Quand j’arrive à la gare Lille Europe, je retrouve Charline en compagnie d’Elise qui est venue nous donner les dernières instructions avant le départ.

— Ah Alken, j’ai cru que tu n’allais jamais arriver ! Prends bien soin de Charline, surtout. Tu es prêt ? Charline me disait qu’il y avait un petit blocage de ton côté qui l’empêchait de s’exprimer. Il faudra que tu le fasses sauter pour le concours, hein ? Enfin, je n’ai pas trop d’inquiétude, tu te surpasses toujours pendant les compétitions officielles. Bref, je compte sur vous pour représenter dignement l’ESD et surtout remporter le concours.

Je la regarde, amusé. Je crois que, de nous trois, c’est elle la plus stressée, vu son débit de mots à la minute.

— Relax, Elise, ça va aller. Je crois que Charline sait pourquoi il y a un petit blocage en effet, mais on devrait y arriver, ne t’inquiète pas. Charline, tu es en forme ? Prête à danser devant le roi et sa cour ?

— Plus que prête, j’ai hâte d’y être, sourit calmement la jeune danseuse, pleine d’assurance.

— Tant mieux, tant mieux, reprend Elise. Demain, je serai dans l’auditorium pour vous encourager. Même si vous ne pourrez pas m’entendre à travers les écrans, sachez que je serai là pour vous. Et n’oubliez pas, si vous saluez le roi, de mentionner l’ESD ! On a besoin des élèves belges à notre école ! Je compte sur vous pour faire aussi bien que l’année dernière au concours de salsa !

— Bien, allons-y, Charline, avant qu’Elise ne nous fasse travailler la chorégraphie directement sur le quai.

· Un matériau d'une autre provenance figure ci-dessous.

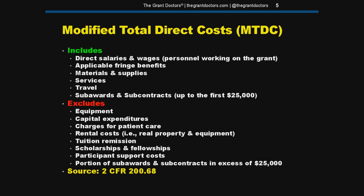Expenses that need to be excluded from the modified total direct cost calculation for indirect include equipment, capital expenditures, rental costs for real property and equipment, and the portion of sub-awards and sub-contracts in excess of $25,000. These items are excluded because they're generally high cost and in some cases one-time in nature, and including them would artificially raise an organization's indirect rate and give the impression their admin costs are higher than they actually are.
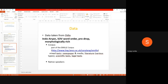Odia is an Indo-Aryan language. It is a SOV order language, pro-drop, and morphologically rich. These are the features of this language. I have taken sentences from native speakers, from telephone conversations, and some from newspapers or literature.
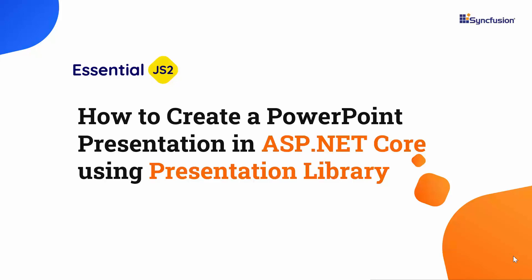Hi everyone, welcome to this video tutorial on how to create a PowerPoint presentation in ASP.NET Core using the Syncfusion .NET PowerPoint Presentation Library.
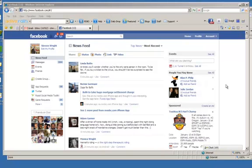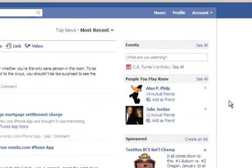Stephen Wright with Aspen Real Estate here, and today we're going to talk about how to unhide somebody on Facebook. I bet you there's many people that you've hidden, and some of them — maybe me — that you would like to unhide, because they're no longer posting the content that's annoying to you.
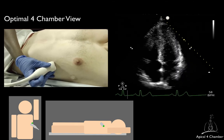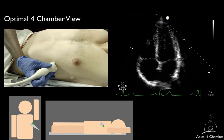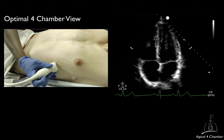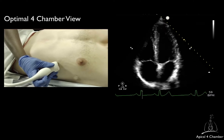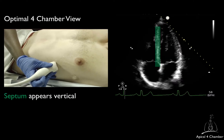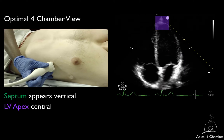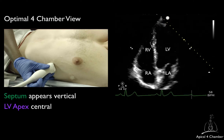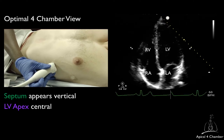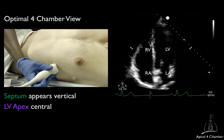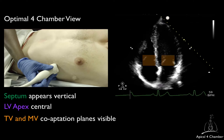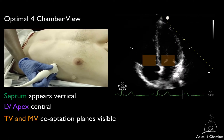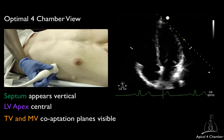You should direct the ultrasound beam in the direction of the sternal notch. In the ideal apical 4-chamber view, the septum appears perfectly vertical, the left ventricular apex is positioned in the center of the scanning sector, all 4 chambers — right and left atria, right and left ventricle — are visible, and the coaptation planes of the tricuspid and mitral valves are both visible. The left ventricle is not foreshortened.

La jeune rousse pouffe à ma blague et me suit, sa petite valise à roulette derrière elle et nous montons dans le TGV qui va nous mener à Bruxelles. J’avais un peu peur de son attitude avec cette proximité forcée, mais je suis rassuré car elle ferme immédiatement les yeux, à peine assise, et écoute sa musique dans ses écouteurs. Je peux l’observer à loisir et mon esprit ne peut que la comparer à Joy. Toutes les deux sont jolies, mais ma brune a tellement plus de charme et j’aimerais savoir d’où ça vient. Ce n’est pas du côté des formes et des courbes que je vais trouver la réponse car Charline n’a pas à se plaindre de ce qu’elle a. Celles de ma chérie sont juste un peu plus rondes, mais la différence ne peut pas venir de là. Le sourire peut-être ? Là, c’est sûr que Joy est beaucoup plus expressive, mais je crois que je serais amoureux de Joy même si elle ne souriait jamais. Je ne sais pas pourquoi mon cœur a choisi Joy, mais c’est en tous cas une réalité. En face de Charline, même en l’observant avec attention, je n’éprouve aucune attraction. J’apprécie et peux constater qu’elle est mignonne, mais cela ne va pas au-delà.

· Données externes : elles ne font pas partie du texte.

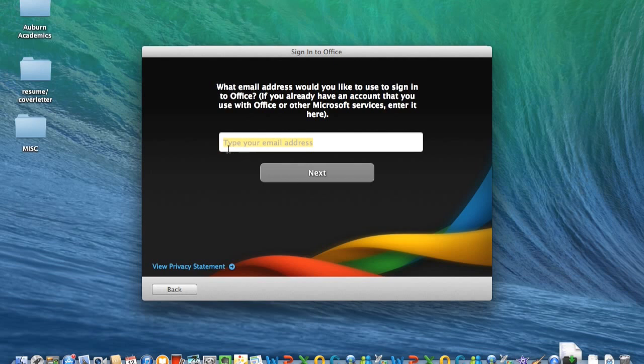Finally, type in your Texas Tech University email address and click Next. After that, follow the steps and you will have successfully launched Office 2011 for Mac from Texas Tech University.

Le train arrive rapidement à la gare de Bruxelles-Midi et nous descendons l’un derrière l’autre. Un taxi nous attend et nous nous y engouffrons pour aller directement à l’hôtel afin de nous préparer pour les essayages et répétitions du jour. La présence de la télé oblige en effet à quelques réglages et il va falloir que l’on fasse une représentation aujourd’hui pour que le réalisateur sache à quoi s’attendre. En attendant, le taxi nous dépose et le chauffeur nous indique qu’il repassera nous prendre juste après le déjeuner pour nous emmener dans la salle où aura lieu le concours.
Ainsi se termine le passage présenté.